## WHAT THE EXERCISE ASKS
Only these lines, please: the first one of the records through the one containing "Hey guys, Brian", retyped exactly, both ends included and pictures omitted.

[[ LISTED RECORDS open ]]

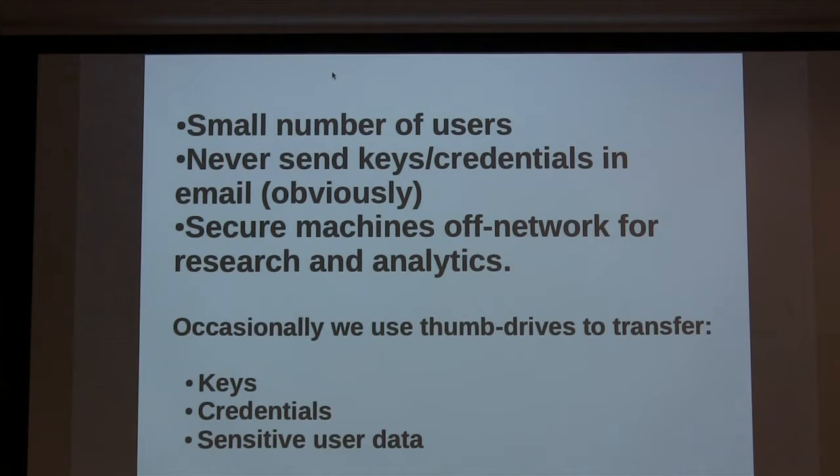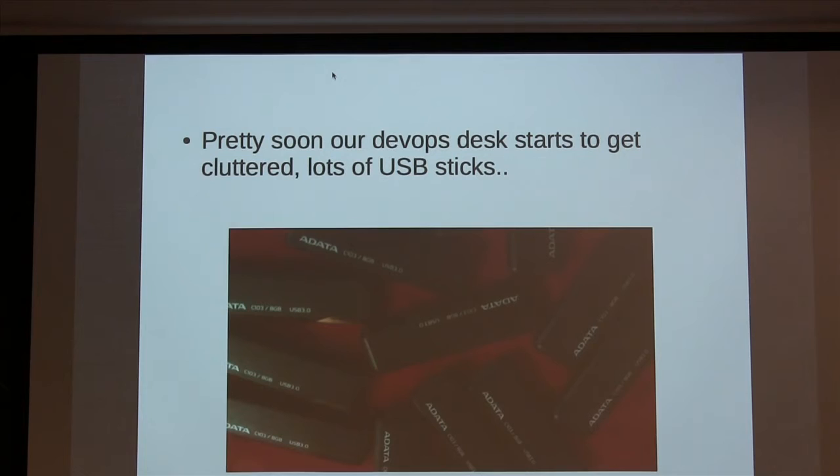I used to work with physical machines — racked physical machines — but I don't anymore. If there was a cable that was unlabeled or a box that was not labeled, I used to shut it off and see who would complain. I kind of feel the same way about thumb drives. I just want to throw them in the trash or shred them or something. So that's what led to this project.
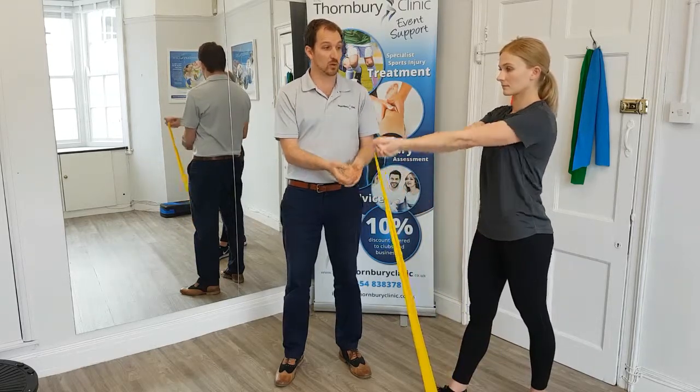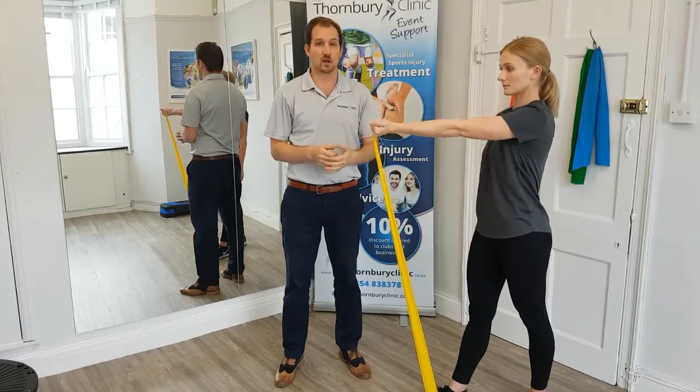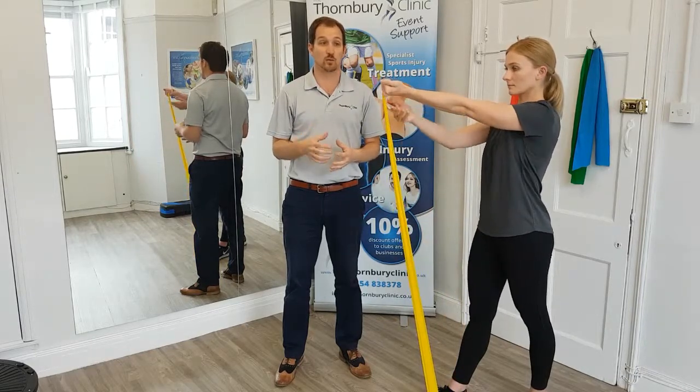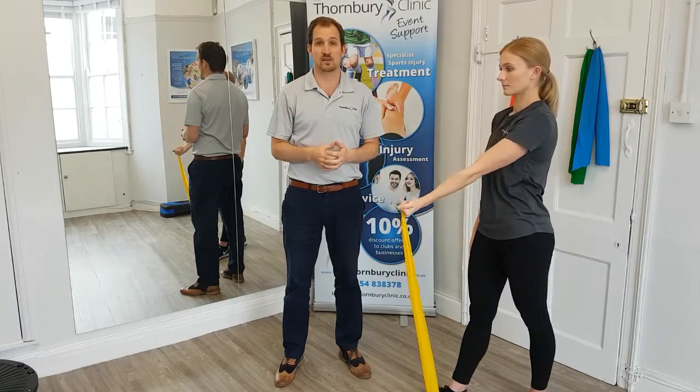Again she's going to use the opposite arm to pull all the way up, making sure that it's just around level. Let go and then slowly control all the way down. We're going to do this for the recommended amount of times, making sure that we're controlling and keeping ourselves nice and solid with our core as we do these exercises.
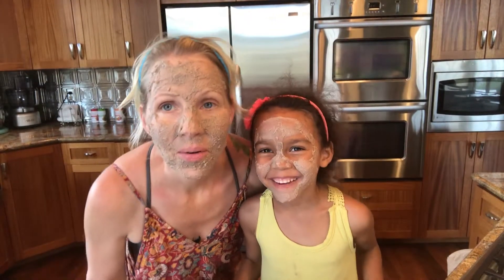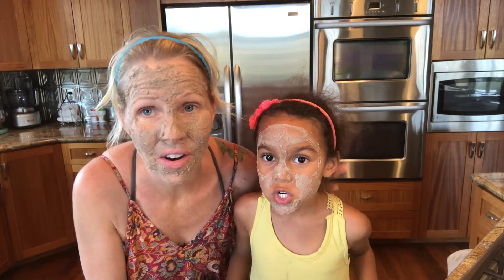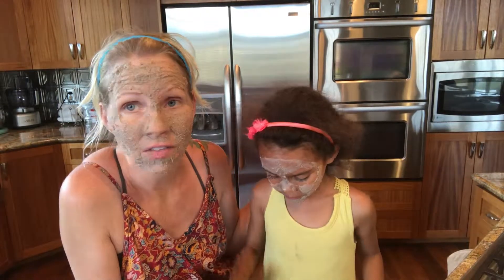I look like a baby! We look amazing. So now we're gonna let this sit on our faces for like 20 minutes, and then we're gonna come back and wash it off and put some other awesome stuff on our faces, and we're going to come back to you.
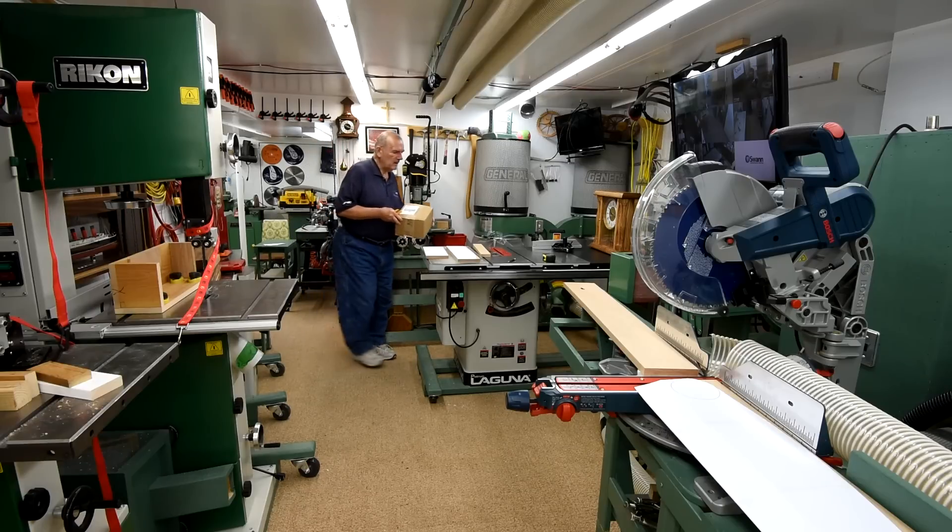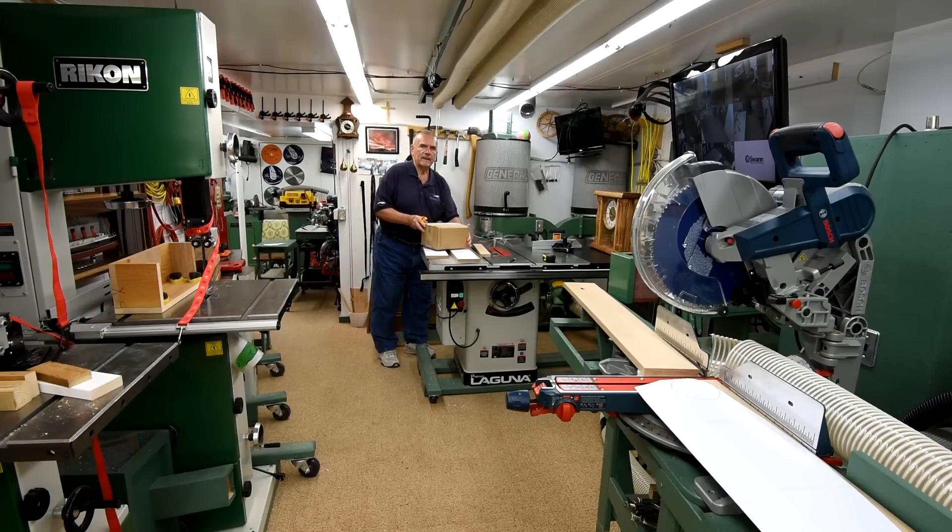I'm right in the middle of the clock mantle part two and my doorbell rings, and here's the replacement for that Paulson wireless system. This should be the Road Link wireless kit or something I think it's called. Anyway, we'll check it out and see what we got here.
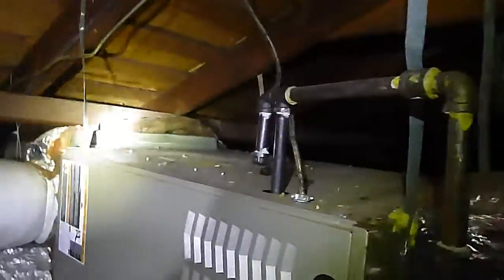This electric disconnect — we've got some NM cable that's not routed very well. But the original wiring is the old BX cable. It's not a problem with that; it's just dated.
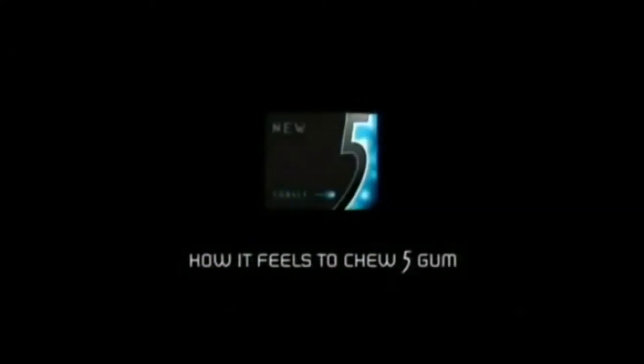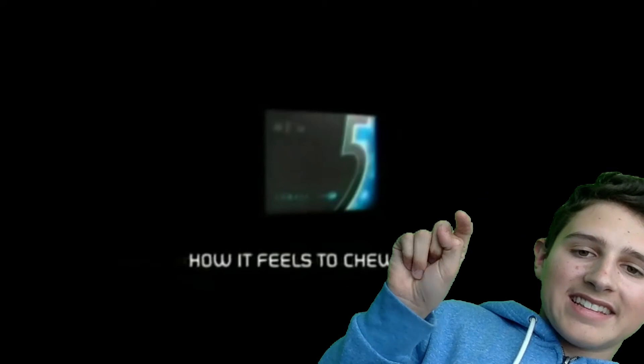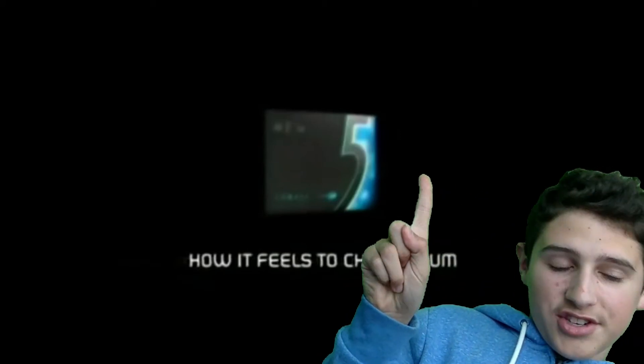How it feels to chew five gum. See this? This is five gum here. That is not how you do it.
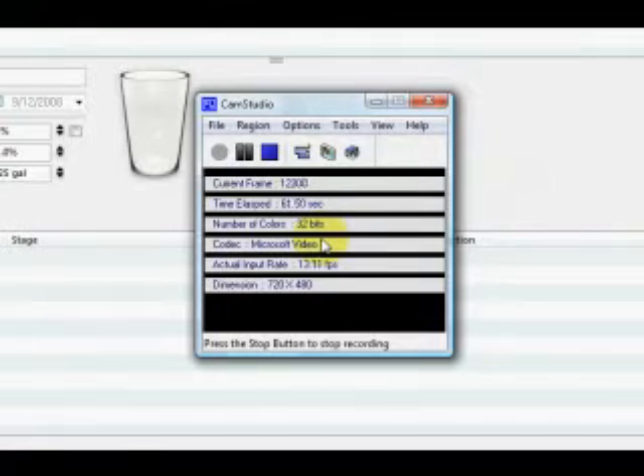I just found a software called CamStudio, which you can see on the screen here. It's a free application for capturing desktop video, for doing tutorials and things like that. So I thought this would be a good opportunity to give you a quick overview of Beer Tools Pro.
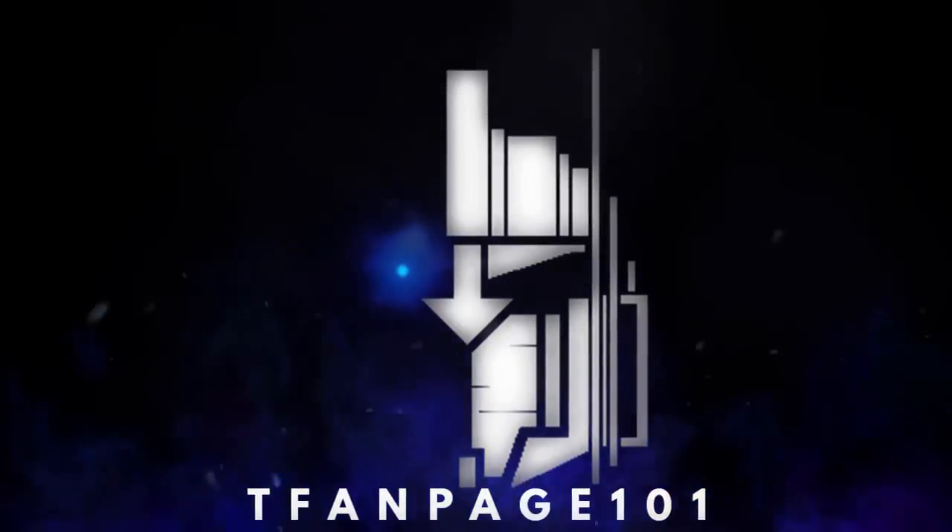Hey guys, Brian here doing another video — this time it's another 'Before It's Out.' I want to say thank you for 3,500 subscribers, which means a lot to me because I was actually trying to hit that goal before my birthday on the 27th and we got there around the 16th or 17th. I've also been getting a lot more views lately — a couple hundred per video isn't bad. I really appreciate you guys checking out my videos.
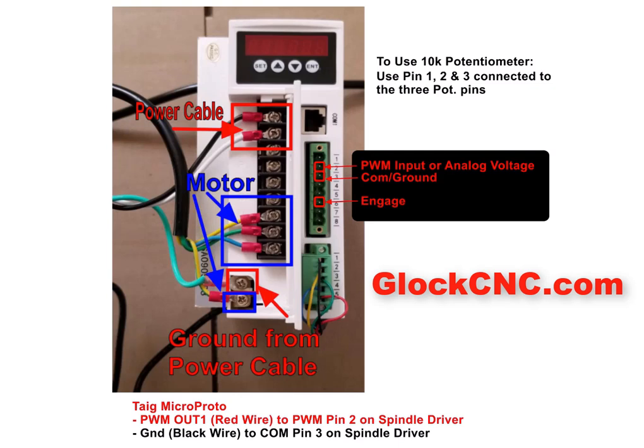Hey everybody, this is James Dime with GlockCNC.com, and this is a video on hooking up the Glock CNC spindle motor to the spindle motor driver and to your CNC system as well, or even using a rotary knob or a 10K knob. So let's start out with hooking the motor up to the power itself and the driver.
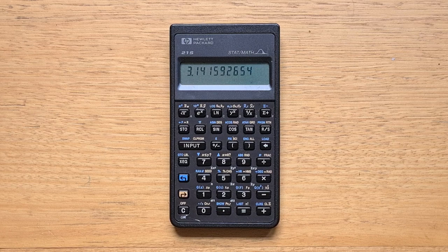Hey everyone, this video is about the HP 21S that was released in 1989.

[[ LISTED RECORDS closed ]]

## SOLUTION FOR THIS TASK
I used to work with physical machines — racked physical machines — but I don't anymore. If there was a cable that was unlabeled or a box that was not labeled, I used to shut it off and see who would complain. I kind of feel the same way about thumb drives. I just want to throw them in the trash or shred them or something. So that's what led to this project.
Again she's going to use the opposite arm to pull all the way up, making sure that it's just around level. Let go and then slowly control all the way down. We're going to do this for the recommended amount of times, making sure that we're controlling and keeping ourselves nice and solid with our core as we do these exercises.
I look like a baby! We look amazing. So now we're gonna let this sit on our faces for like 20 minutes, and then we're gonna come back and wash it off and put some other awesome stuff on our faces, and we're going to come back to you.
I'm right in the middle of the clock mantle part two and my doorbell rings, and here's the replacement for that Paulson wireless system. This should be the Road Link wireless kit or something I think it's called. Anyway, we'll check it out and see what we got here.
This electric disconnect — we've got some NM cable that's not routed very well. But the original wiring is the old BX cable. It's not a problem with that; it's just dated.
How it feels to chew five gum. See this? This is five gum here. That is not how you do it.
I just found a software called CamStudio, which you can see on the screen here. It's a free application for capturing desktop video, for doing tutorials and things like that. So I thought this would be a good opportunity to give you a quick overview of Beer Tools Pro.
Hey guys, Brian here doing another video — this time it's another 'Before It's Out.' I want to say thank you for 3,500 subscribers, which means a lot to me because I was actually trying to hit that goal before my birthday on the 27th and we got there around the 16th or 17th. I've also been getting a lot more views lately — a couple hundred per video isn't bad. I really appreciate you guys checking out my videos.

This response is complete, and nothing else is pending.